Really, I just want to throw it all into the garbage & start from scratch when we touch ground in Monroe, Louisiana. But no one has money for that. So I have stuffed and thrown away and stuffed some more. As I cram another tank top into the minute spaces of my duffel bag, careful not to disturb the coffee mug beneath it, I am overwhelmed at the thought of going back to the United States. I am thrilled to finally hug my mom & smell my Aunt’s smell. I cannot wait to run around with nephews & siblings. I can already taste coffee & candy corn on grandma’s back porch as fall creeps in.
And then I realize that I am leaving Guatemala. I won’t see my friend’s baby girl walking across church for the first time. I won’t get to sit on the terrace & watch kids getting dropped off at school every morning. I won’t get to go to market with all the American teachers on a bright & early Sunday morning. I won’t get to hike through mountains or feel this cold chill that settles in the valley.
I am returning home, yes; but that home has subtly changed over the year that I have been away, and I am painfully aware of the fact that I really am starting all over. I am not returning to the same house, nor I am returning to a church that is exactly as I left it.
Here comes the falling sensation.
I always wonder if God really means for us to go through these things in order to shape us into more perfect beings. Like, surely He doesn’t mean for me to have to go through all the emotions that come with leaving again. I cannot count how many times this week I have broke out in random tears, nor can words explain the constant ache in my heart. We are already making plans for the next few months, and it is absolutely & numbingly terrifying. I start thinking about visiting people across the South & going to conferences in the fall, and my hands start to shake.
And then I think of Jesus kneeling at His disciples’ feet. Those twelve men were horrified at their Lord bending over to do the work of a servant, and Jesus looks up and says, I know you don’t understand this right now. But one day, you will.
I know you are confused my child, but this will all make sense in the end. I know you are scared & confused, beloved, but I will get you through this. It will all be for your good. It will all be for my good.

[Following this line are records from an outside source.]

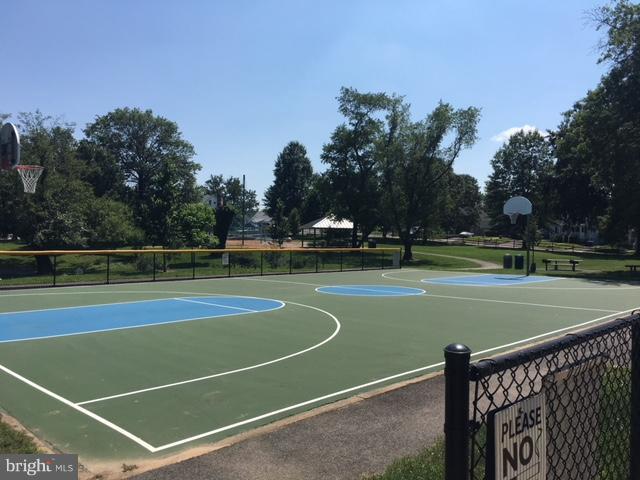 HOLMES - Residential Lease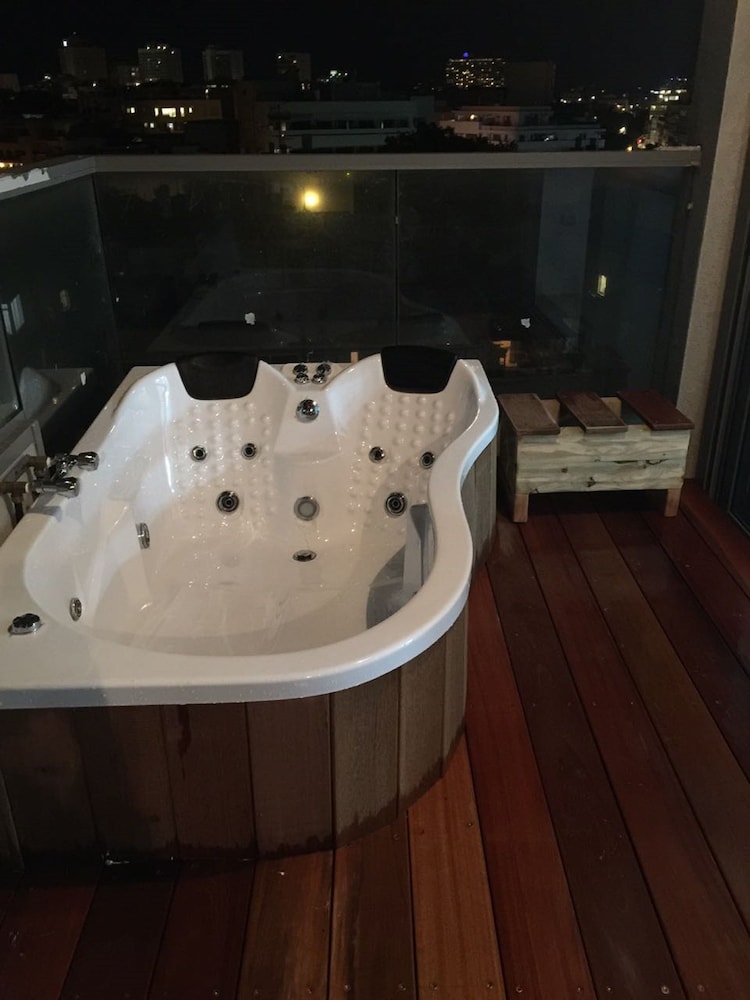 Luxury Apartment in Tel Aviv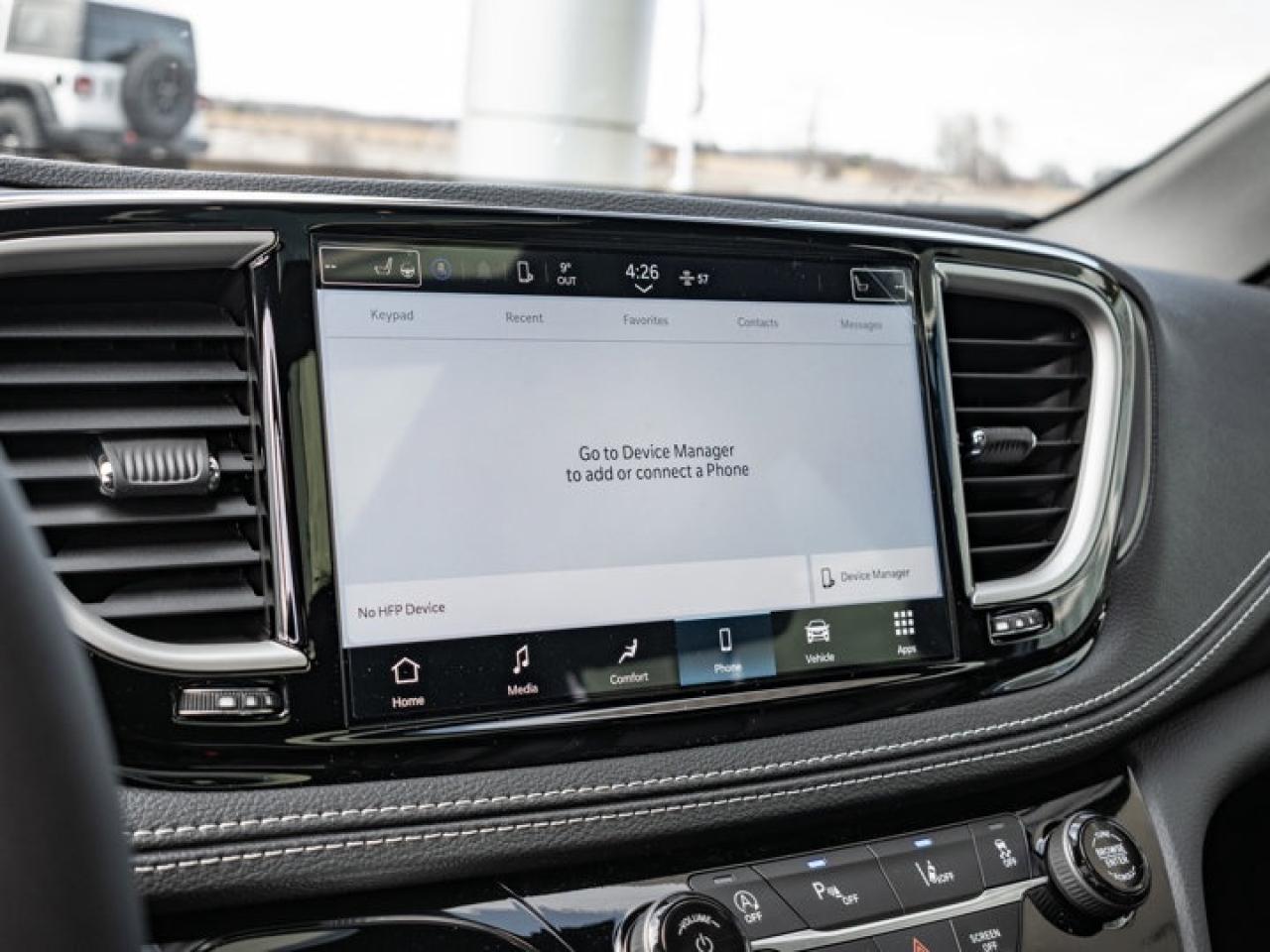 2025 Chrysler Pacifica Select Photo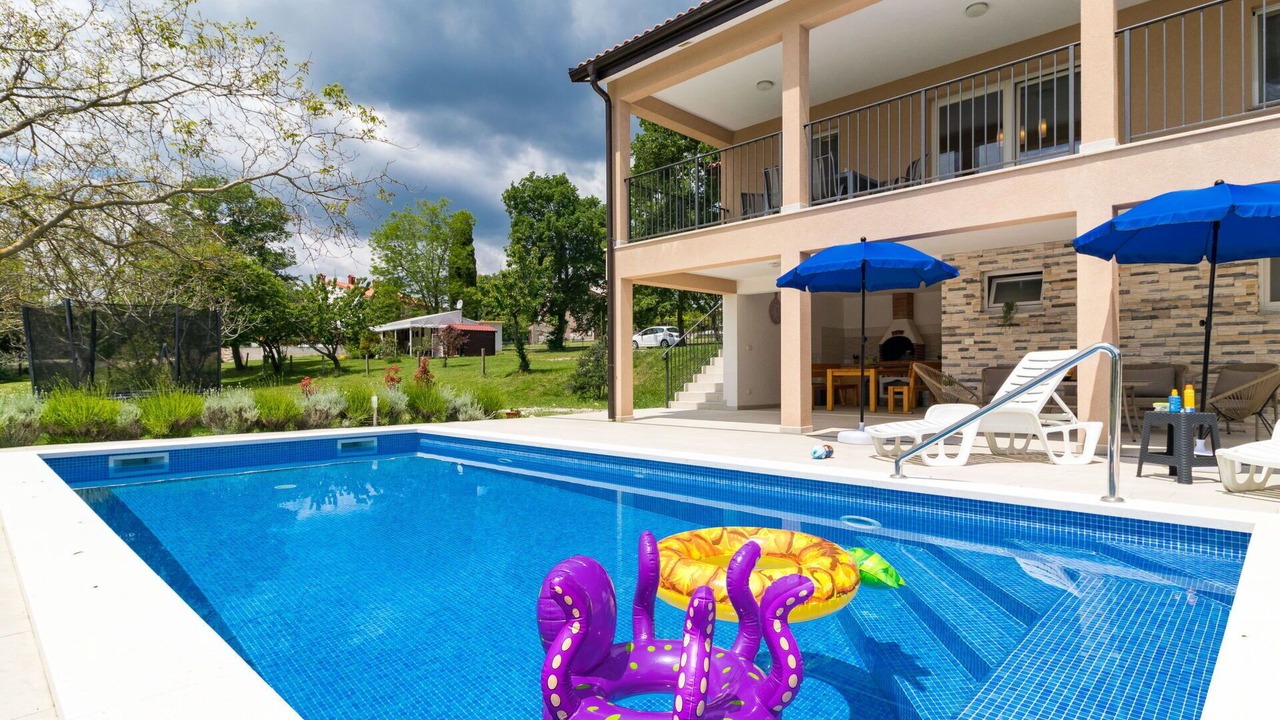 Photo of Outdoor in Vinez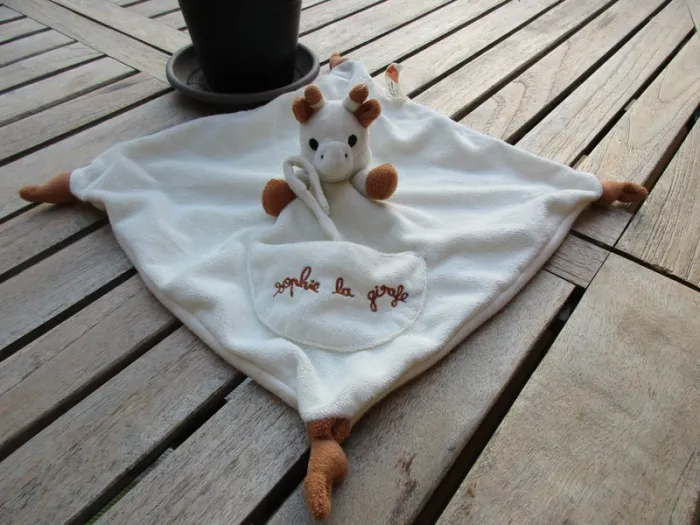 2 doudous carrés vulli sophie la girafe comme neufs - photo numéro 5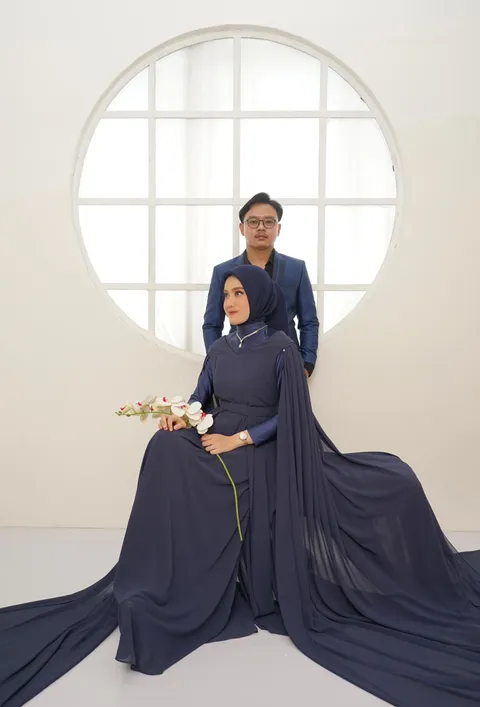 Foto sampul undangan Lazuardi & Amanda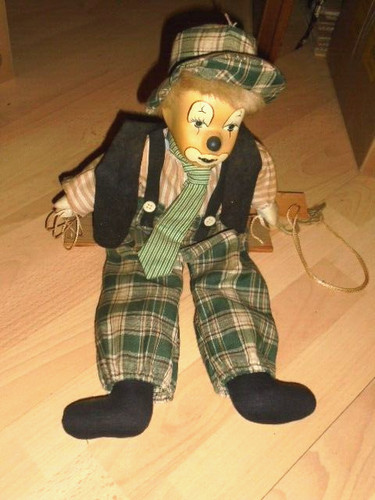 Schöner großer clown auf - schöner,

So I sit and I fold the rest of the clothes, and I pull out the rain boots. There is no way they can fit – the yoga mat takes precedence. I pray that my picture frames make it back in one piece, and I lift praises to God for the beautiful time He has given me here. I zip up the suitcase. I thank Him for His grace, for His wonderful provision.
Ok, God. I’ll start over once more, and as many times more as you require of me.